You need either a manually operated DPDT (meaning a double-pole, double-throw) toggle switch or an 'auto-reverser'.

For the DPDT, you have to remember to flick the toggle when...sorry...BEFORE...it matters most. Otherwise you get a short.

If you want automatic switching of phase, then a DCC Specialties PSX series reverser would be a good bet. Somewhat cheaper is a Digitrax AR.


You provide a gap at the ends of the loop, both exits to the turnout, and you wire the reverser device IN SERIES from the power bus so that it receives power from the bus and provides power to that gapped loop.


----------



## DonR (Oct 18, 2012)

For DCC you can use any make reverse loop controller.
They are available from each DCC system provider.
You don't have to match the brands. 

You'll need a 'controller' for each reverse loop.

Create an isolated section in your loops. Insulated joiners
in each rail at each end. Each loop should be as long as
your longest lighted train. The controller is powered by
your main track bus. It's output powers the isolated
section.

A DCC reverse loop controller is fully automatic and once
installed you need never touch it again. The way it
works, when loco wheels span the insulated joiners there
is a 'short'. The 'controller' reacts quickly to match the
phase (polarity) and the loco continues on without a pause. When it reaches the exit and wheels span the insulated joiners
there is another 'short' and again the controller matches
the phase. There is not so much as a flicker of the headlight
it's that fast.

Don


----------



## sid (Mar 26, 2018)

Thank You Don for that great explanation. i was reading some on the digitrax ar , but i have not looked at the dcc spelities one. so i need two of these units to power each loop. . i understand that i have to seperate the rails on both ends of the loops. Some of my reading is that some of those auto-reverser switches aren't fast enough for the NCE system. But they said the digitrax ar is adjustable for the NCE system to work. IE lower the volts or what ever to 0.25 and then they work good. i don't want an manual ones for sure . i got enough things to think about and don't want to worry if i've switched the right switches. hahahah I've never mess with anything like this, so i'm relying on everybody's experiences .


----------



## CTValleyRR (Jul 26, 2014)

Sid -- I haven't really been following your other thread, because I couldn't keep up with the constant retooling...

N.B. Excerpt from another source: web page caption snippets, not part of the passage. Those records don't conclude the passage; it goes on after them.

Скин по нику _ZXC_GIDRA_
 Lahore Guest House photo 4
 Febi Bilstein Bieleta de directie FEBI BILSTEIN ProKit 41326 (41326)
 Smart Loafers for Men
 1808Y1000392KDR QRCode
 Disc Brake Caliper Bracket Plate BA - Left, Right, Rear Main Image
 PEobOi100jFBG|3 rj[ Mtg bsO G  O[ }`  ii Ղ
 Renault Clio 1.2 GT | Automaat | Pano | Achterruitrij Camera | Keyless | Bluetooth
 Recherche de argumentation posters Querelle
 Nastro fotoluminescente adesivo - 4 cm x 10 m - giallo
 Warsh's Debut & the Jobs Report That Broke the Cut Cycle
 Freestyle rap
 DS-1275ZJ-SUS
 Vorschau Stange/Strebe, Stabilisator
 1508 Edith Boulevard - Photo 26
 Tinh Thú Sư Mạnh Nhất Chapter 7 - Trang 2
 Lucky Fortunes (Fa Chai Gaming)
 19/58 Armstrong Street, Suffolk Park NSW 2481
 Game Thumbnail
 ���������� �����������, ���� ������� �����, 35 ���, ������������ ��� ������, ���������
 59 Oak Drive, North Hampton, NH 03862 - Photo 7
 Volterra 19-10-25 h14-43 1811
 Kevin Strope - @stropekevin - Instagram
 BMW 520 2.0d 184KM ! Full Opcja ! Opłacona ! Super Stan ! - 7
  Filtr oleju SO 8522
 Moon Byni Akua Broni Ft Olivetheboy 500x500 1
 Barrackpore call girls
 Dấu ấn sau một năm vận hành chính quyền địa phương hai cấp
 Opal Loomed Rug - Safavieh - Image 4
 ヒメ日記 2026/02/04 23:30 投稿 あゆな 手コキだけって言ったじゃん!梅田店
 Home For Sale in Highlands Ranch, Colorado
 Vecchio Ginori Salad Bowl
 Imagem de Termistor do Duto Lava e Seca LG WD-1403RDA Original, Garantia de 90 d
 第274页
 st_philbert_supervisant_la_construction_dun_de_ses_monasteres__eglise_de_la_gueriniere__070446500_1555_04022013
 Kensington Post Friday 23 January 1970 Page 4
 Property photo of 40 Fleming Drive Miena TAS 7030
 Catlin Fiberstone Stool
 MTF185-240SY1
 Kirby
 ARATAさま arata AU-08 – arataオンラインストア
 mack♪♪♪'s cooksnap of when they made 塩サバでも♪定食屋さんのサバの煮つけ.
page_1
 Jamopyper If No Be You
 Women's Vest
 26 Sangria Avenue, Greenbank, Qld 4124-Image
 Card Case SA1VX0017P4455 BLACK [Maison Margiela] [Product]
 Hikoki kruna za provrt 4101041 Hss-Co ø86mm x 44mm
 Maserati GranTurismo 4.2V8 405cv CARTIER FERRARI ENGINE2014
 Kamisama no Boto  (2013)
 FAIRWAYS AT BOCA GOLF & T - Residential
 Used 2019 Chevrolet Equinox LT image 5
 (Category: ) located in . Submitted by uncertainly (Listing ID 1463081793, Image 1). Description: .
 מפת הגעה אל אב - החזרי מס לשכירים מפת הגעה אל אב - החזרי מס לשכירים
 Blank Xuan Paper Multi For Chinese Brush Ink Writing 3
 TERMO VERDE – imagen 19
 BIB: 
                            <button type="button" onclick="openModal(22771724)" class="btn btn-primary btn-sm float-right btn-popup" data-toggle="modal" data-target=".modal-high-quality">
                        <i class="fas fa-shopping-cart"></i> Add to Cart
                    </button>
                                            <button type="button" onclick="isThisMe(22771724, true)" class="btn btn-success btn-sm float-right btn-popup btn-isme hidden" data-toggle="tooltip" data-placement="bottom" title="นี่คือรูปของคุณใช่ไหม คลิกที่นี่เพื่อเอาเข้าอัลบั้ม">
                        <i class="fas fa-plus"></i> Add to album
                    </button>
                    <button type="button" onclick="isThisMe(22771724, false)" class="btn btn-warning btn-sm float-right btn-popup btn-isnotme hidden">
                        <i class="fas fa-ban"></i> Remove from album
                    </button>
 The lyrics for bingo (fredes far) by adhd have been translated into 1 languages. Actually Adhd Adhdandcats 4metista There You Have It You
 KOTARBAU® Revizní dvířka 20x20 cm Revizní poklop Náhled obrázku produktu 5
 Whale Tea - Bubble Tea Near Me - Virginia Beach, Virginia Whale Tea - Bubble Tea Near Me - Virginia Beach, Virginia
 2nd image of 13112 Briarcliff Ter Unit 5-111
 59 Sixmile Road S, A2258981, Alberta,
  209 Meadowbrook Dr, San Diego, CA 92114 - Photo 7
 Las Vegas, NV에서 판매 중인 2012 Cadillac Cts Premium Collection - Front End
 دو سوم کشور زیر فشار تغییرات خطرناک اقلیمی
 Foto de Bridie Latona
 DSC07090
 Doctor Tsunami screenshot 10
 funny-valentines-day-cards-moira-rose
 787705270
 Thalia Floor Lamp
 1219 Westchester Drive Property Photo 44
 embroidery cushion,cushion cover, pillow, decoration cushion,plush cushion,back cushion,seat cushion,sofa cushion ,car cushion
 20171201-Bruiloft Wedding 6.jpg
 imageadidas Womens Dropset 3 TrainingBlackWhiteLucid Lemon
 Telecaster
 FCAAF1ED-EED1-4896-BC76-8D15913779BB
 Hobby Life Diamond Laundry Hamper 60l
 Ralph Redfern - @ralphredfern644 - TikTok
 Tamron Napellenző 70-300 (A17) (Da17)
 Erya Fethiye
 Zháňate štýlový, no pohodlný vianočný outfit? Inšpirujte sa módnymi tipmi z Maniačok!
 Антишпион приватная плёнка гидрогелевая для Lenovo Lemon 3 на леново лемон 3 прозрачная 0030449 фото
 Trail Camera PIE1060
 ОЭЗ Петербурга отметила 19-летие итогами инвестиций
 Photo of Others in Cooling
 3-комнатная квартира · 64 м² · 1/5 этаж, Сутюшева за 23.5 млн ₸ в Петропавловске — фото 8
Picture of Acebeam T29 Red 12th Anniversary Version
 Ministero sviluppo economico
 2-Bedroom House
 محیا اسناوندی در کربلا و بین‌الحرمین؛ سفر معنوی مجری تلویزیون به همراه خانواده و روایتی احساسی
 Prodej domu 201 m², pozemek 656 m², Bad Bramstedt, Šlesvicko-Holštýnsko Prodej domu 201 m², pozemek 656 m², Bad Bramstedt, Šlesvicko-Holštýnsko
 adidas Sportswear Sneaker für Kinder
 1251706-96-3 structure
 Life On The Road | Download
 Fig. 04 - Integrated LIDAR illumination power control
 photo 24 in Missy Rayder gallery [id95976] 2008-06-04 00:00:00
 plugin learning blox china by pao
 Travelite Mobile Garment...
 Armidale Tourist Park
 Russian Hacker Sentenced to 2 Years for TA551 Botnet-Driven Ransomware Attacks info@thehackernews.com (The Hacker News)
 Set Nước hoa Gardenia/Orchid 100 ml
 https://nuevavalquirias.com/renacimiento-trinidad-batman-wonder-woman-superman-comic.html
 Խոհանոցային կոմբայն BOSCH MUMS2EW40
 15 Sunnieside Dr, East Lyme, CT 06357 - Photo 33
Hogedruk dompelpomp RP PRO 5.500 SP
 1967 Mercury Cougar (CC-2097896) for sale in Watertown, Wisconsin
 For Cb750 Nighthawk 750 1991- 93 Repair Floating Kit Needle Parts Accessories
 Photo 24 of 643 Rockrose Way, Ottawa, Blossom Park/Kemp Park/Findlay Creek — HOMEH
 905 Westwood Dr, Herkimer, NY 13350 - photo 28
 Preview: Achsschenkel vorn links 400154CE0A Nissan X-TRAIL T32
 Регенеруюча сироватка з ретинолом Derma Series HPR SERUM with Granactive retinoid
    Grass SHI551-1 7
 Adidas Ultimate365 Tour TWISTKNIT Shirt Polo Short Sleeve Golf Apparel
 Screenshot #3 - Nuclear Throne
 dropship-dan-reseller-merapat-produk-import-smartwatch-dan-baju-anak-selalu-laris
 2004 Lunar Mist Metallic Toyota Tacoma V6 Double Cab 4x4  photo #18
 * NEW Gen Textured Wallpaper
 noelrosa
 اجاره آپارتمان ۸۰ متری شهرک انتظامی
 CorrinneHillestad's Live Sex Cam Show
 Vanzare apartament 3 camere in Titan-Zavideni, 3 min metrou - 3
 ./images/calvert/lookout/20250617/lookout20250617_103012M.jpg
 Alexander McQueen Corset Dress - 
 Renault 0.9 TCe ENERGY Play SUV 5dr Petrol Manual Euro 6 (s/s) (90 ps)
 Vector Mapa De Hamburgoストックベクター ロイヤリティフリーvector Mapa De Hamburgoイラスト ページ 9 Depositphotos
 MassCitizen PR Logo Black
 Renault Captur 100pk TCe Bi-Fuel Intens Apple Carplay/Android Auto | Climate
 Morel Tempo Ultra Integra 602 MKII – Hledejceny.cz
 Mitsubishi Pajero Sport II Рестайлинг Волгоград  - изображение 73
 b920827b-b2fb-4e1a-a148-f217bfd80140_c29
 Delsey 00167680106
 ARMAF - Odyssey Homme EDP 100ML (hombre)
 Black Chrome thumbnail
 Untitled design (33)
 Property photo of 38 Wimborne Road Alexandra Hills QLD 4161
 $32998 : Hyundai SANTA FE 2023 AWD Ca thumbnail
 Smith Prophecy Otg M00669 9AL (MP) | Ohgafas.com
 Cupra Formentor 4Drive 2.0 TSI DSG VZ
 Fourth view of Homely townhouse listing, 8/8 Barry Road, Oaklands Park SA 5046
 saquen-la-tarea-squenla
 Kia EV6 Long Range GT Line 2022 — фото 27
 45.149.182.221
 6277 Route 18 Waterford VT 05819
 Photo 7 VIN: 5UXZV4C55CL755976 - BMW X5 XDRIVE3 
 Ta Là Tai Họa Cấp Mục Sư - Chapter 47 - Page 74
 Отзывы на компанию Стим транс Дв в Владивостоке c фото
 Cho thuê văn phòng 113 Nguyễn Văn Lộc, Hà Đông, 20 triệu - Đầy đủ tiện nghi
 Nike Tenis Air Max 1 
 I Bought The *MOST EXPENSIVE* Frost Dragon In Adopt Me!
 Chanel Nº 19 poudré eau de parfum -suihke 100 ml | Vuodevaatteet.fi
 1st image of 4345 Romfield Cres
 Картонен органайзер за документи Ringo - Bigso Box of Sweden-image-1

However, taking a look back at them now, most of them are just two or three concentric loops with some sidings and nary a reverse loop in sight. It's only a reverse loop if you exit a turnout going one direction, and are able to trace s route that comes back around and enters that same turnout heading in the opposite direction. Just making a loop to reverse the direction of travel on a parallel track is not a reverse loop.

If you can pick a final design and post it, we can tell you for sure whether you have one or not, but right now it looks to me like a reverse loop is not something you have to worry about.


----------



## mesenteria (Oct 29, 2015)

You can power and reverse both loops with one reverser...PROVIDED...you don't run trains into/out of both of them near simultaneously. If one loop will always be empty, the reverser will switch both of them simultaneously when the need arises, and the empty loop won't care. Neither will the decoder in the host locomotive over the switched tracks.

You're welcome.


----------



## sid (Mar 26, 2018)

CTValley i've scraped those plans as i didn't get quite the feed back on them and i had to kill one end of it. . (needed the extra room, plus keeping cost down for now) My new design is an L shaped design with 2 reverse loops . Ive been playing with it with model train simulator on my computer .but here is my semi final plan im starting to gather wood for the tables ect.
Apparently wife is a lil upset that i have $2000worth of train stuff all ready. But im gunna build it cause i have most of the parts


----------



## mopac (Feb 24, 2011)

I agree sid, you have 2 reverse loops. As for the wife, they seem to always be a bit upset with us. My wife was not a model train fan. But I got her to come around. How? I bought her own handheld wireless controller and told her that it was just for her to use. You have to know wives are jealous of our trains. We spend time with them and not the wife. Some how you need to include the wife with your trains. She will fight it at first but she will realize its something to do together.


----------



## DonR (Oct 18, 2012)

Sid

Now that you have posted your entire layout
scheme it is definite that you have 2 reverse
loops. I would place the insulated joiners that
create the isolated sections at the turnouts.
They then should be long enuf for most trains.
Include in the isolated sections all stub end
sidings.

Some reverse loop controllers don't do their
rephase fast enough to avoid a short indication
on the controller. As you have noted the AR1
can be set to avoid that. 

Looks like a very interesting layout for
continuous running and for switching.

If you haven't selected the controls for
your turnouts may I suggest you look into
the Stapleton 751 series. They provide 
turnout motor control as well as LED panel
and/or trackside lighting control. If you
use twin coil motors the 751 D has built
in capacitor discharge unit to protect coils
from burnout. Another model is designed
for stall motor systems.

Don


----------



## CTValleyRR (Jul 26, 2014)

sid said:


> CTValley i've scraped those plans as i didn't get quite the feed back on them and i had to kill one end of it. . (needed the extra room, plus keeping cost down for now) My new design is an L shaped design with 2 reverse loops . Ive been playing with it with model train simulator on my computer .but here is my semi final plan im starting to gather wood for the tables ect.
> Apparently wife is a lil upset that i have $2000worth of train stuff all ready. But im gunna build it cause i have most of the parts


Yup... definitely reverse loops there. You've gotten good advice on how to handle them.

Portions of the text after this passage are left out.